MetricsFlusher periodically serializes per-server token counters from a metrics.Accumulator and appends one NDJSON line per server with non-zero deltas. Single goroutine; one-shot Start/Stop pair (re-Starting after Stop is a no-op). Failed writes are logged via the self logger and do not crash the goroutine.

func NewMetricsFlusher

func NewMetricsFlusher(acc *metrics.Accumulator, interval time.Duration) *MetricsFlusher

NewMetricsFlusher creates a flusher with the given accumulator and per-flush interval. interval <= 0 falls back to DefaultMetricsFlushInterval.

func (*MetricsFlusher) AddServer

func (f *MetricsFlusher) AddServer(name, path string, opts LogOpts) error

AddServer registers a per-server output file. Idempotent: re-adding a server replaces the prior writer (the lumberjack handle is closed). The previous-snapshot tracking is preserved so re-adding does not synthesize a reset.

func (*MetricsFlusher) ConfiguredServers

func (f *MetricsFlusher) ConfiguredServers() []string

ConfiguredServers returns the names currently persisting metrics.

func (*MetricsFlusher) RemoveServer

func (f *MetricsFlusher) RemoveServer(name string)

RemoveServer stops persisting metrics for a server and closes its writer.

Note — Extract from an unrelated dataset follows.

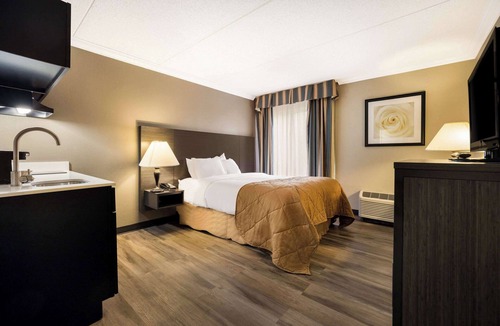 Lindbergh Lawns Hotel | Suburban Studios Syracuse Fairgrounds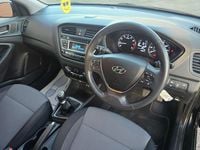 Used Hyundai i20 SE 84 HP (61 kW) 2017 Black Hatchback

The previous-snapshot tracking is dropped so re-adding produces a fresh reset line as the first entry.

func (*MetricsFlusher) SeedFromFile

func (f *MetricsFlusher) SeedFromFile(path string, n int) error

SeedFromFile reads up to the last n NDJSON entries from path and seeds four surfaces atomically: cumulative per-server token totals (via Restore), cumulative per-server cost totals (via RestoreCost), per-minute time-series ring buckets — both tokens and cost — (via ReplaySnapshot), and this flusher's previous-snapshot maps (prev + prevCost). The Token Usage Over Time and Cost Over Time charts are backed by the time-series ring; without the bucket replay each would show only a single post-restart point. The Cost KPI card is backed by the cumulative atomics; without RestoreCost it would silently read $0 even when pre-restart cost was non-zero.

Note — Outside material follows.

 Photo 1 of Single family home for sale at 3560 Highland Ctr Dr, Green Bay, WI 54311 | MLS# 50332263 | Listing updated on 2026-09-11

On-disk format mirrors flushOnce's output: full MetricsSnapshotLine entries plus lighter reset sentinels ({reset, ts, server} only). Reset sentinels parse with a zero Total and are immediately followed by a full reset line whose Total carries the post-reset state — so taking the most recent Total per server yields the correct seed value in either case.

For time-series, only non-reset lines are replayed: a Reset line's Diff carries the carry-over from prior sessions (full snapshot), not a single minute's activity, so replaying it would create a synthetic spike at the reset boundary. The same skip applies to cost replay.

Legacy files predating cost persistence have no CostDiff / CostTotal fields; they unmarshal with nil pointers, the cost diff sums to zero, the cost replay no-ops, and RestoreCost is invoked with an empty map (which itself no-ops). Token state restores normally — the file remains fully readable with no warning.

Missing or empty files return nil (expected on first run with persistence enabled). Malformed lines are skipped without aborting; a single corrupt line should not lose the rest of the history.

func (*MetricsFlusher) SetLogger

func (f *MetricsFlusher) SetLogger(logger *slog.Logger)

SetLogger configures where flush errors are logged. Pass a logger backed by the in-memory buffer so users see write failures in the UI.

func (*MetricsFlusher) Start

func (f *MetricsFlusher) Start()

Start launches the flush goroutine. Safe to call once; subsequent calls are no-ops. The goroutine runs until Stop is called.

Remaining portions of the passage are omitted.